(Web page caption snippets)

^^^^

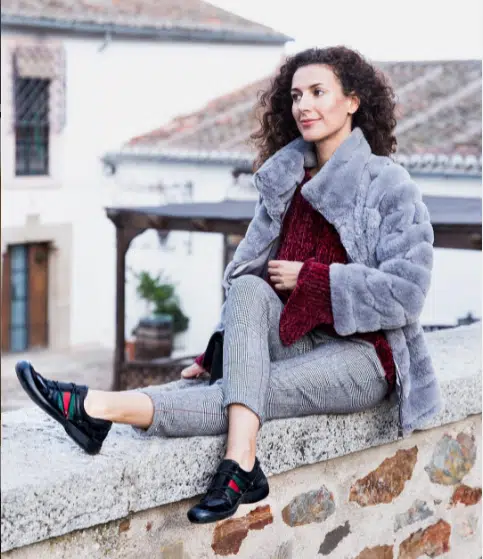 How To Wear Burgundy Sweater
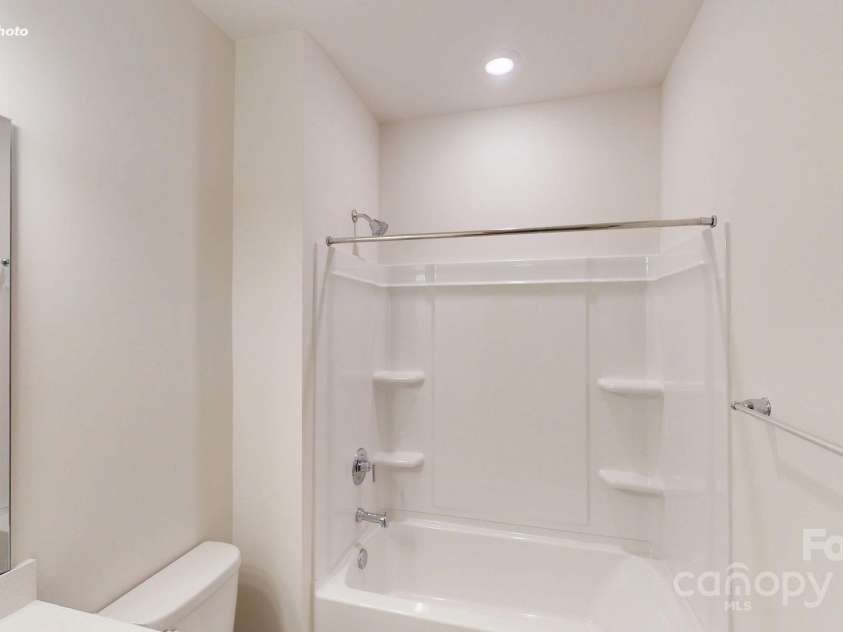 2057 Skyhawk Drive, York, SC 29745.  MLS# CAR4285159, YatesRealty ID 32692. 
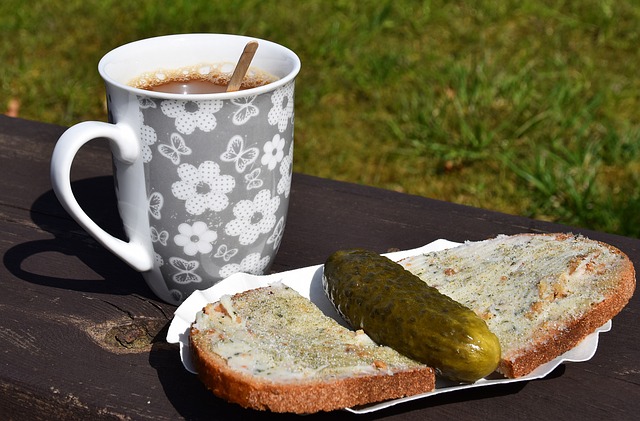 意乙巴里队客场0-5惨败，在返程航班上球迷与球员发生冲突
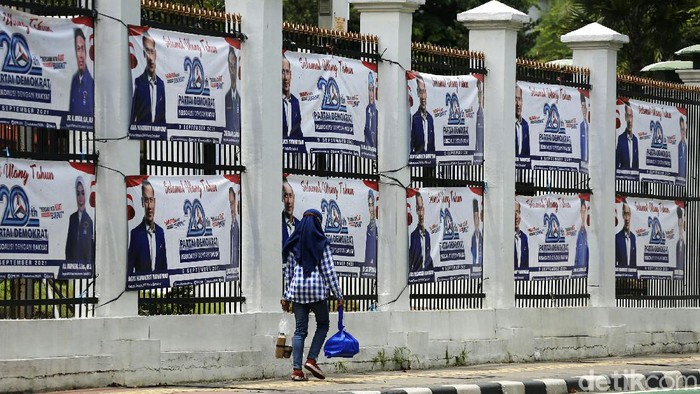 Spanduk HUT Partai Demokrat Penuhi Pagar Gedung DPR Partai Demokrat (PD) merayakan hari ulang tahun (HUT) yang ke-20. Spanduk-spanduk HUT PD pun menghiasi pagar Gedung DPR RI.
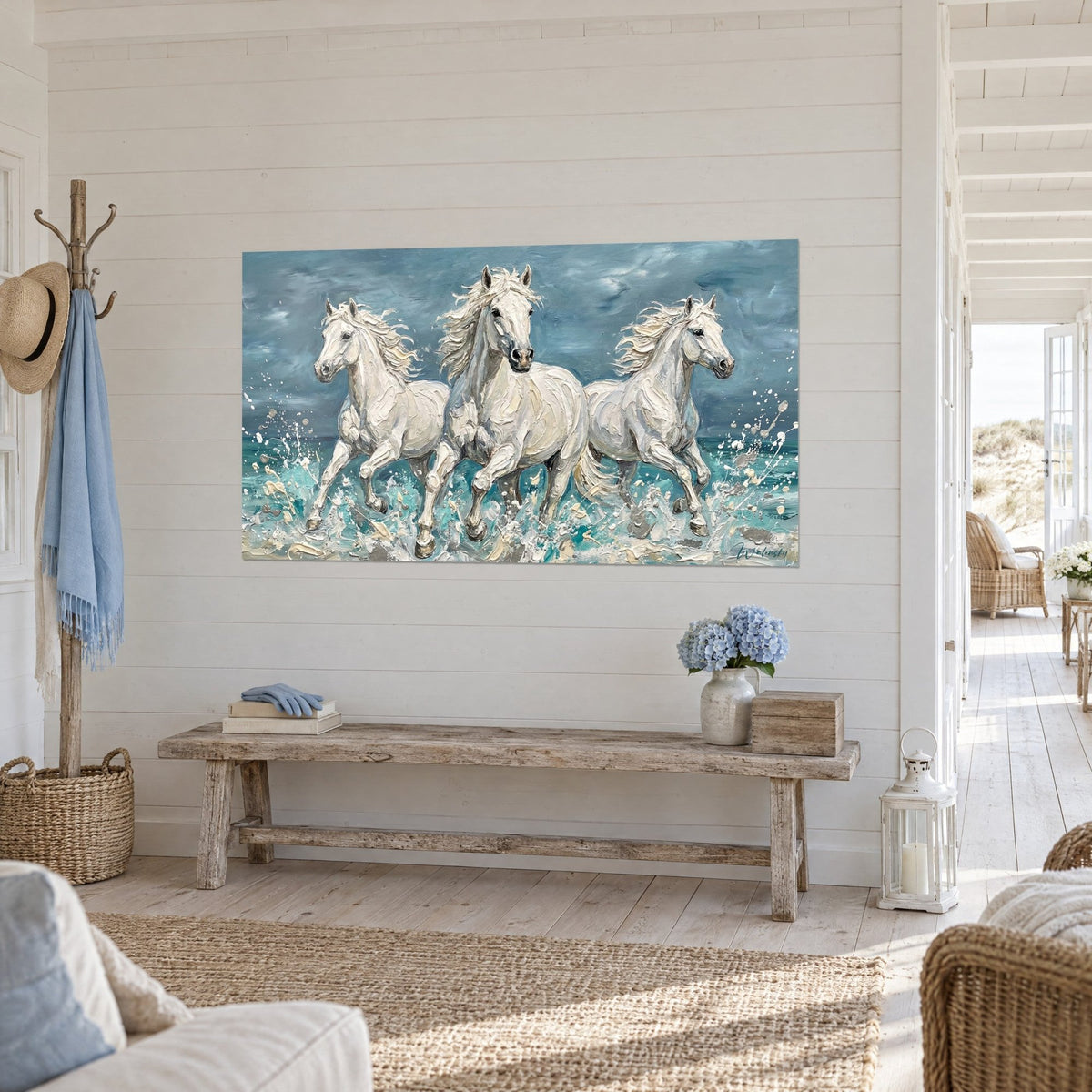 Schilderij cavalcade van ivoorkleurige manen tegen grijsblauwe wolken en turquoise golven, driekwart zicht op een witte plankenmuur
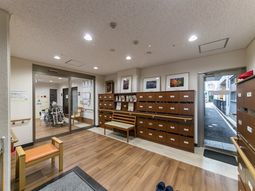 廊下にある郵便ポスト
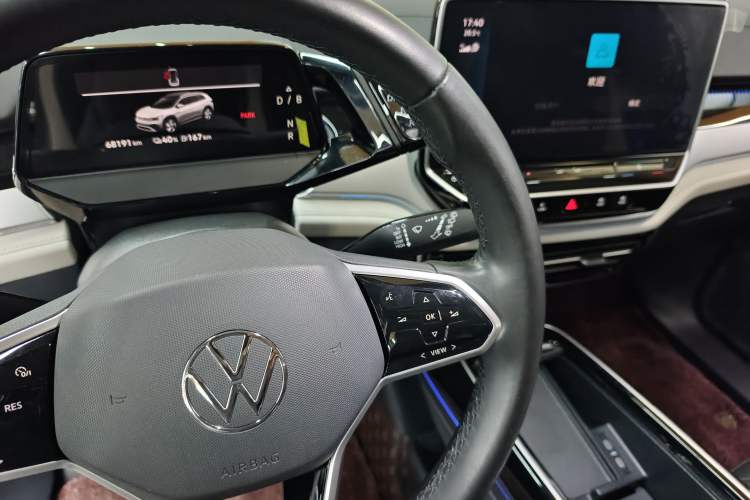 Used Volkswagen ID.6 CROZZ 2021 First Edition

^^^^

- [DIRECTIONS] All that is needed is the data above, repeated exactly, without the pictures.

- [RESULT OF THE EXERCISE]
 How To Wear Burgundy Sweater
 2057 Skyhawk Drive, York, SC 29745.  MLS# CAR4285159, YatesRealty ID 32692. 
 意乙巴里队客场0-5惨败，在返程航班上球迷与球员发生冲突
 Spanduk HUT Partai Demokrat Penuhi Pagar Gedung DPR Partai Demokrat (PD) merayakan hari ulang tahun (HUT) yang ke-20. Spanduk-spanduk HUT PD pun menghiasi pagar Gedung DPR RI.
 Schilderij cavalcade van ivoorkleurige manen tegen grijsblauwe wolken en turquoise golven, driekwart zicht op een witte plankenmuur
 廊下にある郵便ポスト
 Used Volkswagen ID.6 CROZZ 2021 First Edition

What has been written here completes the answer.